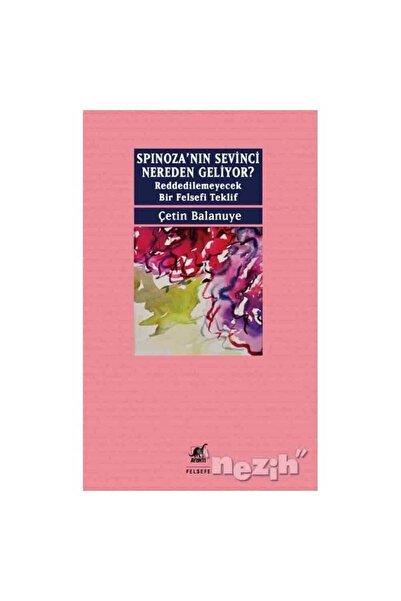 Ayrıntı Yayınları Spinoza’nın Sevinci Nereden Geliyor?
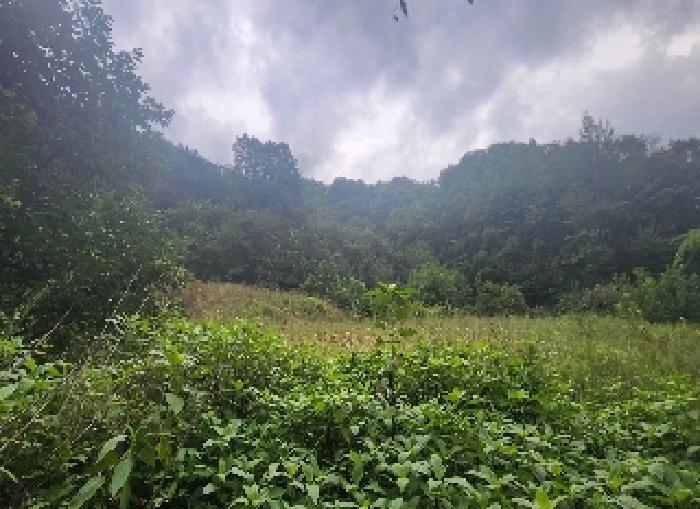 충북 영동군 양산면 과수원 경매 물건 사진 4 · 2025타경97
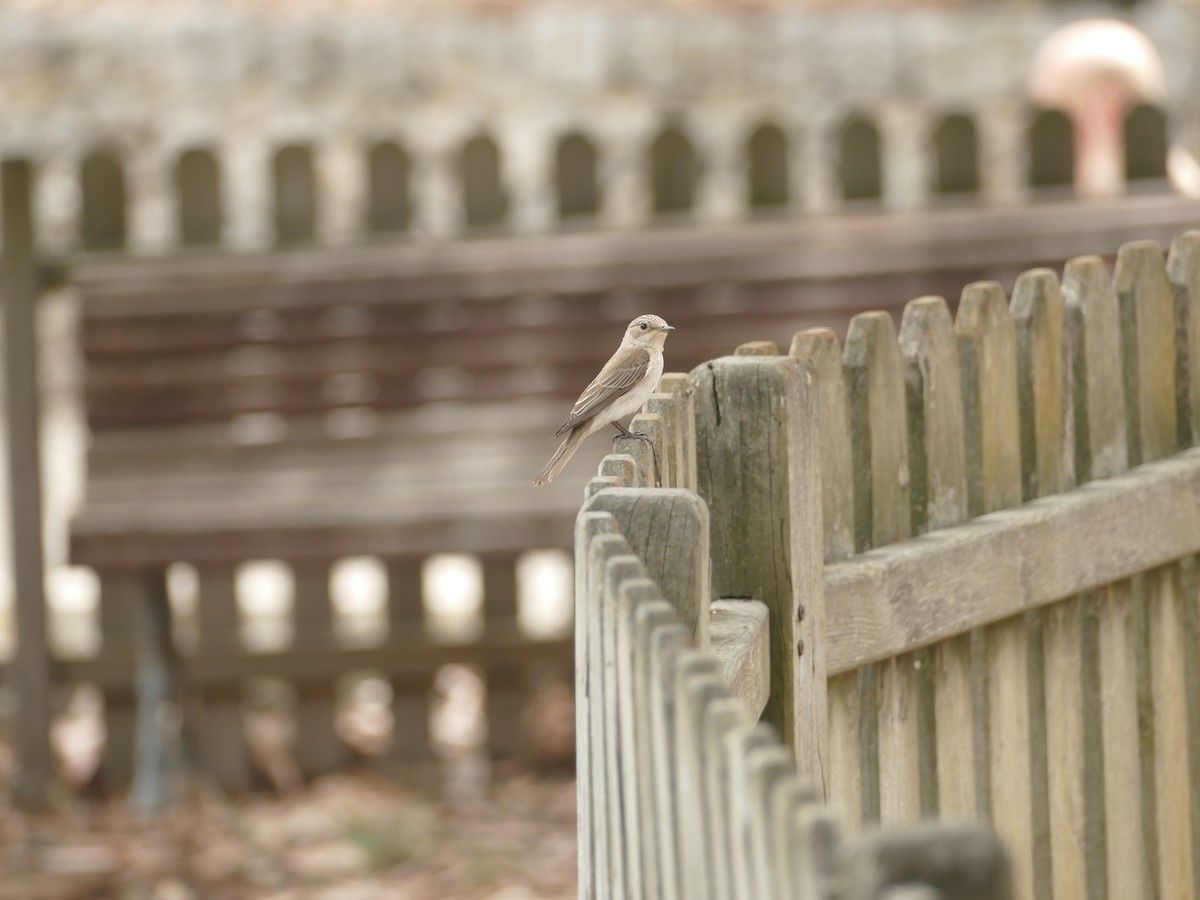 Spotted Flycatcher - ML622507266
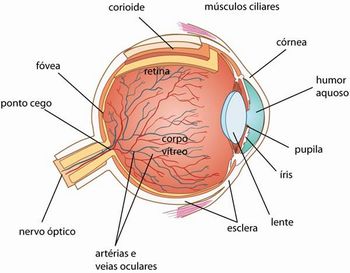 Esquema das estruturas do olho humano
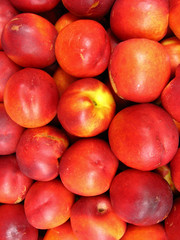 a lot of red nectarines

__What this task involves__
With every picture left out, print exactly the lines from the one containing "Spotted Flycatcher - ML622507266" through the final line of the material above.

__Response__
 Spotted Flycatcher - ML622507266
 Esquema das estruturas do olho humano
 a lot of red nectarines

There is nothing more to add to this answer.